How do PA, NJ, and DE address discrimination based on sexual orientation?

October 3, 2010
By Eric B. Meyer on October 3, 2010 11:25 AM |
Recently, I read an article by Bob Egelko in the San Francisco Chronicle about a speech from U.S. Supreme Court Justice Antonin Scalia in which he told law students from U.C. Hastings that the 14th Amendment to the U.S. Constitution, which guarantees equal protection to all U.S. citizens, do not preclude discrimination based on sex. Justice Scalia believes that the drafters of the Constitution did not have sex discrimination on the brain when they passed the 14th Amendment.

Ok, so the U.S. Constitution does not provide employees with a cause of action against employers for sex discrimination. But Title VII for the Civil Rights Act of 1964 does. And so do laws in all states and many large cities.

But what about discrimination on the basis of sexual orientation (gay, lesbian, bisexual)? Surely, I'll lay good odds that the framers of the U.S. Constitution weren't thinking about GLB rights when they dotted I's and crossed T's on the 14th Amendment. And Title VII does not cover sexual orientation; although a 1998 Executive Order does protect Federal Employees from discrimination on the basis of sexual orientation.

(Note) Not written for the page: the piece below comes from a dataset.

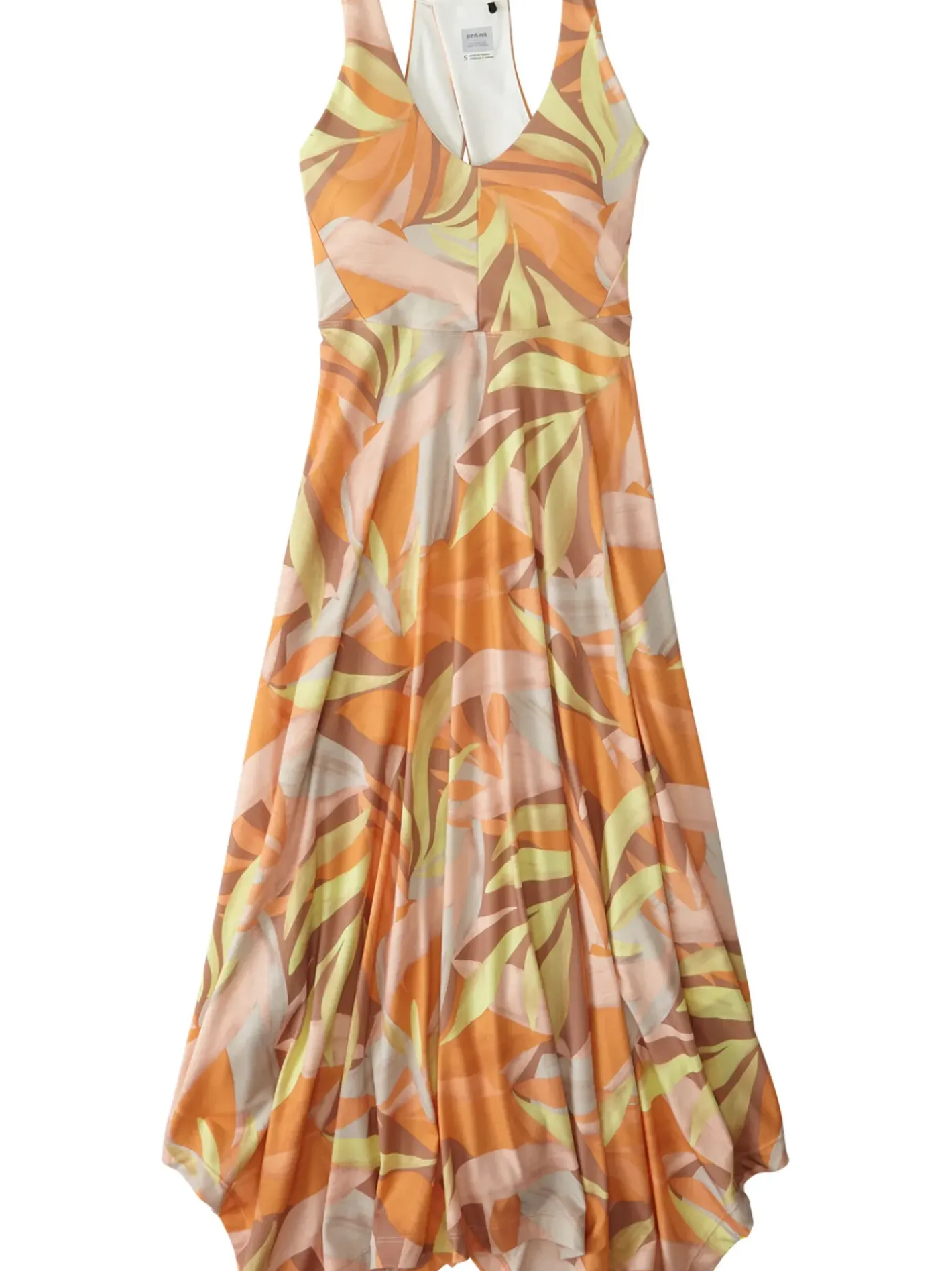 Title Nine Liberty Maxi Dress>Women Dresses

At the state and city level it varies. Let's break it down for employers in Pennsylvania, New Jersey and Delaware:

1. Delaware: Yes, under the Delaware Discrimination in Employment Act.
2. New Jersey: Yes, under the New Jersey Law Against Discrimination.
3. Pennsylvania: No, not under the Pennsylvania Human Relations Act.
4. Philadelphia: Yes.
5. Harrisburg: Yes.
6. Pittsburgh: Yes.

Employers in Pennsylvania that operate in counties without sexual orientation discrimination laws may elect to implement HR policies that prohibit discrimination on the basis of sexual orientation.